- [WORK ITEM]: Please return every line of the records that contains the word "Silver".
--- RECORDS SHOWN ---
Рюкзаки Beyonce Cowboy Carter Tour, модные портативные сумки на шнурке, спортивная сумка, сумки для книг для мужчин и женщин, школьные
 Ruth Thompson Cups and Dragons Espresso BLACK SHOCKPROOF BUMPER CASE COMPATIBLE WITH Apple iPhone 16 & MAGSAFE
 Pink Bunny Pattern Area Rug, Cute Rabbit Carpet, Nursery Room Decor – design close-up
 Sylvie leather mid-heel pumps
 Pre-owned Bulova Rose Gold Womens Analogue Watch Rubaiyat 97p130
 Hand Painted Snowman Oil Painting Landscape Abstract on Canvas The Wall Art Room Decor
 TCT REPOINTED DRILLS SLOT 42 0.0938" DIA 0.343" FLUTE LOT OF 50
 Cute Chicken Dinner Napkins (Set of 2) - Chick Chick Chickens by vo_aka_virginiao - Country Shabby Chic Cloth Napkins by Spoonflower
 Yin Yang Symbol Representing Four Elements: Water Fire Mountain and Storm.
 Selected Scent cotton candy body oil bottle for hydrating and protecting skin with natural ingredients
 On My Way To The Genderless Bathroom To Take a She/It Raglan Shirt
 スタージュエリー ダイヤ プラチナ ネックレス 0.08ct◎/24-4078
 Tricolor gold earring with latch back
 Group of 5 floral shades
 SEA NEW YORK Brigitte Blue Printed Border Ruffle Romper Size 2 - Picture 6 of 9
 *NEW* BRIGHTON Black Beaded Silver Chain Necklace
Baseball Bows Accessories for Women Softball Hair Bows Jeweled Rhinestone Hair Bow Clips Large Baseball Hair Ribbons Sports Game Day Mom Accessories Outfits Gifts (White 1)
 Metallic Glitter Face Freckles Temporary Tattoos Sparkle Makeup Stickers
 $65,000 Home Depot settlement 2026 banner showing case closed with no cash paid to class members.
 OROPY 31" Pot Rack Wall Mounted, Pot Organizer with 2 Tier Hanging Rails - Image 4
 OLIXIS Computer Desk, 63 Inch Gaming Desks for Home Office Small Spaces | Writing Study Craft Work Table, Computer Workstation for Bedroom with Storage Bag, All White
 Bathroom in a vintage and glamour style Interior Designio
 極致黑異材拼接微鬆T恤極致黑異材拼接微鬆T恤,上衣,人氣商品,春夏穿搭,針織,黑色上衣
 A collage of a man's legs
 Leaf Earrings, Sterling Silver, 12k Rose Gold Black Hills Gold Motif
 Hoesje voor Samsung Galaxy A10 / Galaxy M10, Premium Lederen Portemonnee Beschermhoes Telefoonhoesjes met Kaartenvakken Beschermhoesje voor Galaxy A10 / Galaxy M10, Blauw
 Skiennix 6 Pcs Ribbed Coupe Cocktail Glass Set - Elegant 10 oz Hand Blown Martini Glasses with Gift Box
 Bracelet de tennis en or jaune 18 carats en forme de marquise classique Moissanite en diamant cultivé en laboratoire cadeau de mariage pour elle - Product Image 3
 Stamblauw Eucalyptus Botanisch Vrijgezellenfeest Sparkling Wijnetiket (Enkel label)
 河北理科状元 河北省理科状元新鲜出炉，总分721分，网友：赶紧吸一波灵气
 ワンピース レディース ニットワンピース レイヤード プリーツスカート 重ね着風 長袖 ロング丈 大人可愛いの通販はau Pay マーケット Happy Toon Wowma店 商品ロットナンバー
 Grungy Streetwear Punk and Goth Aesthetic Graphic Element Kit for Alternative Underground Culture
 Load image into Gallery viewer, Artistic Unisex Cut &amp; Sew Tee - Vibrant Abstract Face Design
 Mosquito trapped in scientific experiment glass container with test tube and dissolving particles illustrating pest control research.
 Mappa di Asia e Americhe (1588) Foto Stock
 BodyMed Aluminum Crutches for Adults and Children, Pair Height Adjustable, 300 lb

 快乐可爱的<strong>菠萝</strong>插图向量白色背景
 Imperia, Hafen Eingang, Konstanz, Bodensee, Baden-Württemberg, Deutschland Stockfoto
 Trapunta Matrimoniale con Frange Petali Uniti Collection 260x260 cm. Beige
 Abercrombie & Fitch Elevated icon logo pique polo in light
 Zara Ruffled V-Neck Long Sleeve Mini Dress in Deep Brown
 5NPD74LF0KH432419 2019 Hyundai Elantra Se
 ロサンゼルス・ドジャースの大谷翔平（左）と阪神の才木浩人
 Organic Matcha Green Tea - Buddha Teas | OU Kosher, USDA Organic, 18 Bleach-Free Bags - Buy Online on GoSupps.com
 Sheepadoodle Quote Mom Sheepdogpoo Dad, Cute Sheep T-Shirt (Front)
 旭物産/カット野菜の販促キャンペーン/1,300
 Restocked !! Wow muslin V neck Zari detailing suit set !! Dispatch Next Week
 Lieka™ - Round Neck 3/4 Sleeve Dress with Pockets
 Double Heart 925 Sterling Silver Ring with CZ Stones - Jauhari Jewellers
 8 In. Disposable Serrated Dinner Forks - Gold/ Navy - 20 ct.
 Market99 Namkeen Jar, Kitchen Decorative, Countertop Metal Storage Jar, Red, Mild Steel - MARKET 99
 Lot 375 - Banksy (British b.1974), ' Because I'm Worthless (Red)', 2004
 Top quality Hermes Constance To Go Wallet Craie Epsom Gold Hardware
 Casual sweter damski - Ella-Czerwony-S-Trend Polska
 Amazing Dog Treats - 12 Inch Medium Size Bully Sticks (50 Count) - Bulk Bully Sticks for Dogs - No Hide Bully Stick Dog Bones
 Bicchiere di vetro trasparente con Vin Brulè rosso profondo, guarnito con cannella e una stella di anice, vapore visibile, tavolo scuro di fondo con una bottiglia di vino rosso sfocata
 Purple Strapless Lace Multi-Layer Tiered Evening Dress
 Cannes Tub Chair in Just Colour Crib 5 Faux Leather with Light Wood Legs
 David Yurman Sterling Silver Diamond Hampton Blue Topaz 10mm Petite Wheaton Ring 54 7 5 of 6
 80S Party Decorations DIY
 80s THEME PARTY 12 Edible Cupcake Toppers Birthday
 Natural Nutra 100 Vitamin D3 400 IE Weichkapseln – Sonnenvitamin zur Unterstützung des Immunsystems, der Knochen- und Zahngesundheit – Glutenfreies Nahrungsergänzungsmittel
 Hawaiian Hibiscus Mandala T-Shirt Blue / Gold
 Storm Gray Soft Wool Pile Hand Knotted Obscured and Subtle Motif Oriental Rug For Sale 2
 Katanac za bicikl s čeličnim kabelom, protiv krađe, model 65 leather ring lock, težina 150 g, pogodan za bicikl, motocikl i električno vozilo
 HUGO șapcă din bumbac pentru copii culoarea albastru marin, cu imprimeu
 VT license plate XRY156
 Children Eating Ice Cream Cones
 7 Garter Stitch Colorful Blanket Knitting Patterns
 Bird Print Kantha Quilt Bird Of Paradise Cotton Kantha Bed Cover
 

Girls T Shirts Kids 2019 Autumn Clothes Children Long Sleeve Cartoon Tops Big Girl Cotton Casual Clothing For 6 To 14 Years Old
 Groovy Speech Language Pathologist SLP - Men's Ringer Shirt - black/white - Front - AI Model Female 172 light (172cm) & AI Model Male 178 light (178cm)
---
- [ANSWER FOR THE TASK]:
 *NEW* BRIGHTON Black Beaded Silver Chain Necklace
 Leaf Earrings, Sterling Silver, 12k Rose Gold Black Hills Gold Motif
 Double Heart 925 Sterling Silver Ring with CZ Stones - Jauhari Jewellers
 David Yurman Sterling Silver Diamond Hampton Blue Topaz 10mm Petite Wheaton Ring 54 7 5 of 6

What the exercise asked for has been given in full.